Absorto en su tarea, el fabricante de juguetes inunda de fantasía las sucias y desconcertadas paredes de la ciudad indiferente. Nadie lo mira, demasiado alto para la mirada de los niños, que ya solo miran a lo que se traen entre manos, demasiado lejos para la mirada de los adultos, que solo tienen ojos de miope para lo próximo. Algún desocupado, tan viejo como él,  quizá le sonría al pasar o se lo lleve en la memoria de la cámara.

martes, 2 de mayo de 2017

CUMPLEAÑOS FELIZ




          La primera sorpresa se produjo cuando encendió el ordenador. El doodle de Google no recordaba ninguna efemérides histórica ni rescataba del olvido a una científica nacida doscientos años atrás. Los dibujitos móviles representaban muchas tartas de cumpleaños con velas que se encendían y apagaban. Pinchó sobre él y apareció el mensaje: "Muchas felicidades, Francisco, en tu 55 cumpleaños." Se le alegró la cara con una amplia sonrisa y fantaseó con que ese doodle apareciera en todos los ordenadores conectados al buscador, no solo en el suyo. Un mensaje a toda la humanidad. 

         Entró en su cuenta de correo y descubrió más felicitaciones. Su banco le hacía llegar sus mejores deseos de prosperidad y le sugería la mejor manera de preparar una jubilación sin sobresaltos. "Este es nuestro regalo para ti, Francisco, por tu fidelidad durante todos estos años. Ábrelo". El obsequio consistía en un vídeo en el que un señor muy mayor, probablemente octogenario, interpretaba al piano con dedos artríticos y temblorosos el "Cumpleaños feliz" en un círculo sonoro infinito; resultaba un pelín patético, hasta premonitorio,  pero agradeció el detalle: se suponía que trataban de enviarle un ejemplo positivo de juventud espiritual. La agencia de viajes con la que había viajado a Tailandia se acordaba de él y le proponía, para celebrarlo, un crucero inolvidable por el Mediterráneo: "Date un capricho, Francisco, te lo mereces." Una ONG a la que contribuía esporádicamente le hacía llegar la imagen descargable de un calendario con la foto de una niña africana sonriente: " Este año has cumplido, Francisco. Sigue cumpliendo con nosotros."

             Lo de Facebook llegó a ser agotador. Las felicitaciones se acumulaban. A las primeras trató de contestarlas de una en una pero al final se vio obligado a enviar un agradecimiento genérico. Con todo, se le pasó casi todo el día de pantalla en pantalla. Los emoticonos bailaban sobre su frente. Tampoco le importaba mucho, fuera el día estaba destemplado, nuboso y con un temporal a punto de desencadenarse.

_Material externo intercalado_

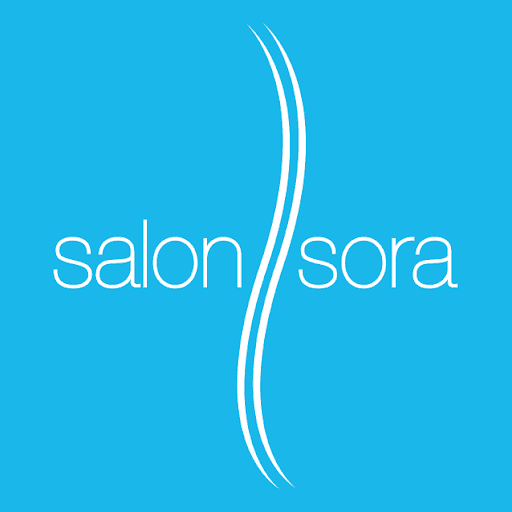 Salon Sora logo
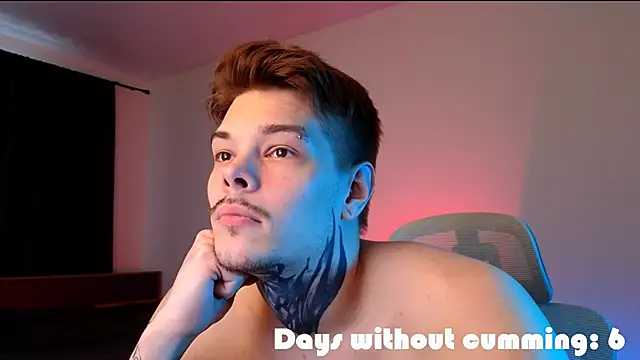 Snapshot of DENIS_HERE chatting on February 2026 05:17:02 AM DENIS HERE online show from February 2026 05:17:02 AM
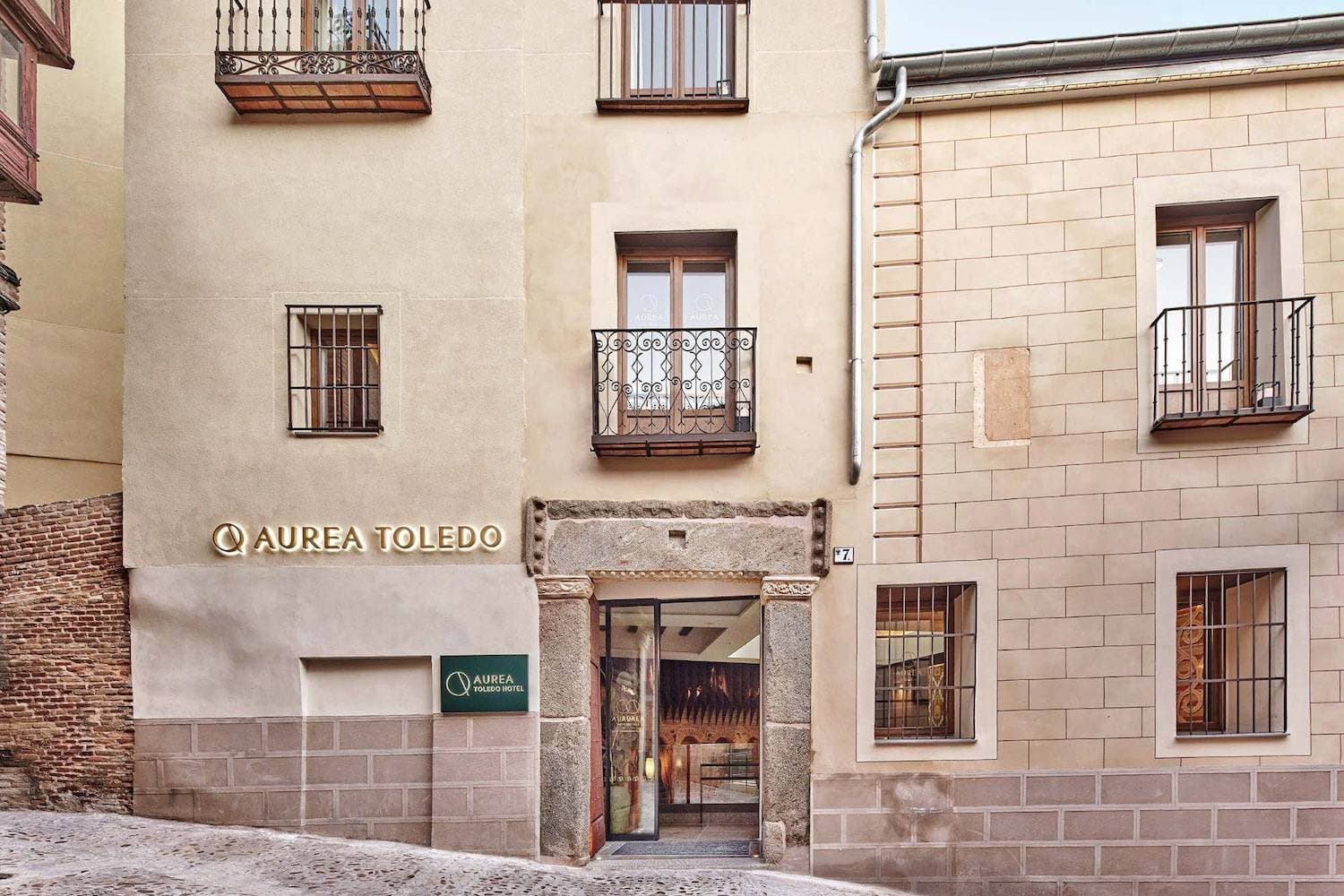 Áurea Toledo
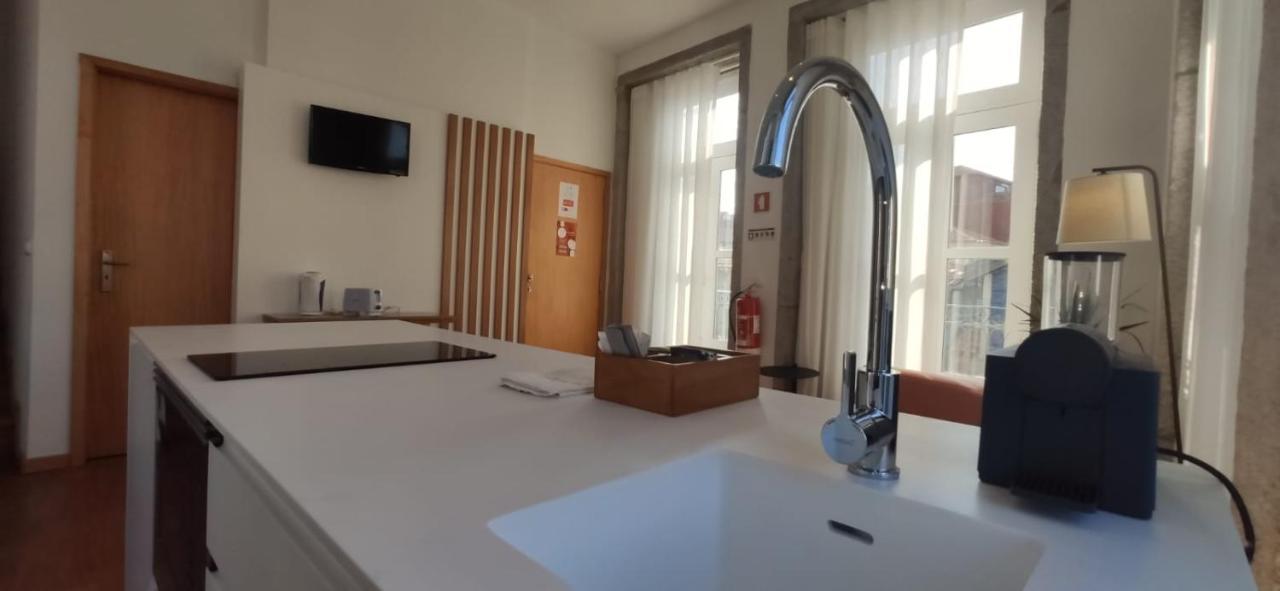 Stay In Apartments - S. Bento Πόρτο Εξωτερικό φωτογραφία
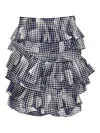Essentiel Antwerp Hupaul Skirt In Black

          No perdonaba la tarta. Era una superstición que le acompañaba desde niño. Todos los años, desde que recordaba, había soplado las velas. Sentía que si algún año dejaba de hacerlo atraería sobre sí la desgracia. Previsor, había comprado el día anterior una tarta en el supermercado con sus 55 velitas. Eran muchas, pero odiaba esa costumbre de las personas mayores de sustituirlas por dos números. Había que proceder cabalmente, no se le pueden hacer trampas al destino.

        Por la tarde, preparó y adornó la mesa como para una fiesta, encendió las velas, buscó en internet el vídeo del anciano interpretando al piano "Cumpleaños feliz". Antes de soplar sintió un ahogo, le faltaba el aire. "Cada año más velas que apagar y menos resuello", filosofó para sí. Necesitaba oxigenarse, llevaba todo el día sin salir de casa. Abrió las ventanas del salón y una ráfaga de viento agitó las cortinas y se coló como una exhalación. En un segundo todas las velas se apagaron. Le pareció un bonito detalle.

        Se acostó pronto, estaba agotado por tantas emociones. Ya en la cama, seguían llegándole al móvil felicitaciones de algunos rezagados.


          "Gracias, queridos algoritmos", susurró muchas veces, antes de caer dormido.